In a pre-packaged case, the plan proponents will have secured sufficient support from creditors to confirm their plan of reorganization prior to filing for Chapter 11 reorganization. Pre-packaged plans of reorganization virtually always impair (i.e. pay less than in full) one or more classes of creditors, and so in order to ensure that the plan can be confirmed by the bankruptcy court, the plan proponents must secure the support of at least two-thirds in amount and more than one-half in number of at least one such impaired class, in addition to ensuring the plan complies with all other requirements for confirmation. Two procedurally difficult aspects of the process are the announcement (which must be structured so as not to trigger contractual termination provisions) and getting the requisite creditor approval.

In 2009, a new entity completed the purchase of continuing operations, assets and trademarks of General Motors as a part of the 'pre-packaged' Chapter 11 reorganization.
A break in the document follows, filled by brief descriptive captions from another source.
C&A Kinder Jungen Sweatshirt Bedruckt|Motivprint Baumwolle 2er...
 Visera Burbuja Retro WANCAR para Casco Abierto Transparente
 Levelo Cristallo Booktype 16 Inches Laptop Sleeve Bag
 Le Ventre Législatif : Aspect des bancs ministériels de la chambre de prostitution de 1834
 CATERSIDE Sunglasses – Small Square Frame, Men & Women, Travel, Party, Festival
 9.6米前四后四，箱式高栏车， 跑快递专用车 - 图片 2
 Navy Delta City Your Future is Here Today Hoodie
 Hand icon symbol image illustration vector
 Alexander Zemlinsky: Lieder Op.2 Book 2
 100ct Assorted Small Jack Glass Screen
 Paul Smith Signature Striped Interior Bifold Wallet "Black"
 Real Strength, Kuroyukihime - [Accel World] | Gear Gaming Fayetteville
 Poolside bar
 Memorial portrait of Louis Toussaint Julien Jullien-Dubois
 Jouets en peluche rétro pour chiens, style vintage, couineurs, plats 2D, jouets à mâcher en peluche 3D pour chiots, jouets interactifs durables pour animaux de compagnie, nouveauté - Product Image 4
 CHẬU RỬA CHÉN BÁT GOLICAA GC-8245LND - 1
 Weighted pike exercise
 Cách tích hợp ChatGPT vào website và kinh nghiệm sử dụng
As ranked by total assets, GM's bankruptcy marks one of the largest corporate Chapter 11 bankruptcies in US history. The Chapter 11 filing was the fourth-largest in US history, following Lehman Brothers Holdings Inc., Washington Mutual and WorldCom Inc. A new entity with the backing of the United States Treasury was formed to acquire profitable assets, under section 363 of the Bankruptcy Code, with the new company planning to issue an initial public offering (IPO) of stock in 2010. The remaining pre-petition creditors claims are paid from the former corporation's assets.

==Criticism==
A review from Wolverhampton University identified the several criticisms of pre-pack sales. There is a general concern that the pre-pack administrator, in agreeing to the pre-pack in consultation with the company’s management team (and usually its secured creditors), favours the interests of the managers and secured creditors ahead of those of the unsecured creditors. The speed and secrecy of the transaction often lead to a deal being executed, about which the unsecured creditors know nothing and offers them little or no return.

There is often a suspicion that the consideration paid for the business may not have been maximized due to the absence of open marketing. Credit may have been incurred inappropriately prior to the pre-pack and this may not be fully investigated.